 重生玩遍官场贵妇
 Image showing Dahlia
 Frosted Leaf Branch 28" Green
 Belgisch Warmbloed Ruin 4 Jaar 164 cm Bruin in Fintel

━━━━━━━━━━━━━━━━

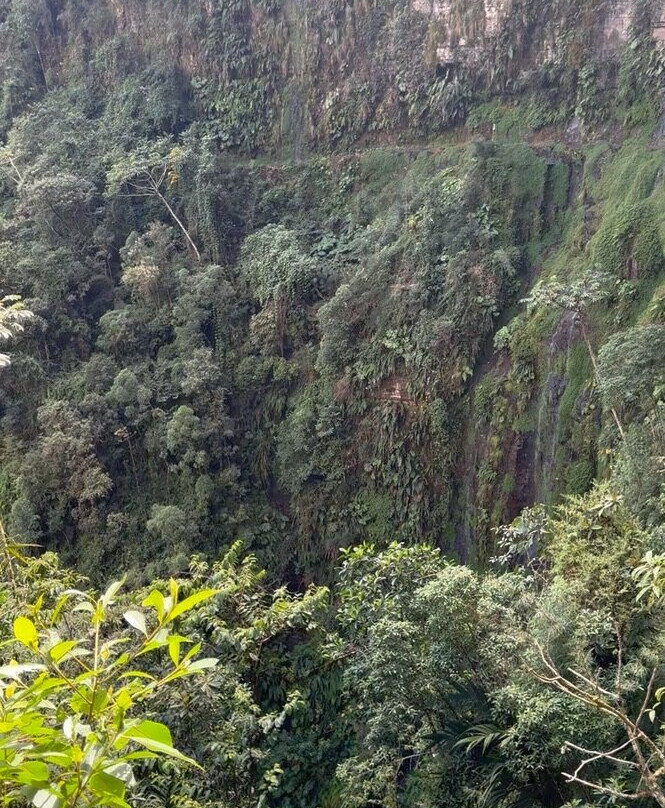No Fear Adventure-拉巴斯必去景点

━━━━━━━━━━━━━━━━

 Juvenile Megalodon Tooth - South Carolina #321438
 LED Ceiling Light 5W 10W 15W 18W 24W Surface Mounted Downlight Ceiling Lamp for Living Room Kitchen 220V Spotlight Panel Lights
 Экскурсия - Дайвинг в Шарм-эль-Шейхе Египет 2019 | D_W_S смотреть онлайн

━━━━━━━━━━━━━━━━

TASK DETAILS.
Within the listing above, locate the line containing "Frosted Leaf Branch" and the line containing "Belgisch Warmbloed Ruin". Reproduce those two lines and all lines between them exactly, with nothing added.

ANSWER SECTION.
 Frosted Leaf Branch 28" Green
 Belgisch Warmbloed Ruin 4 Jaar 164 cm Bruin in Fintel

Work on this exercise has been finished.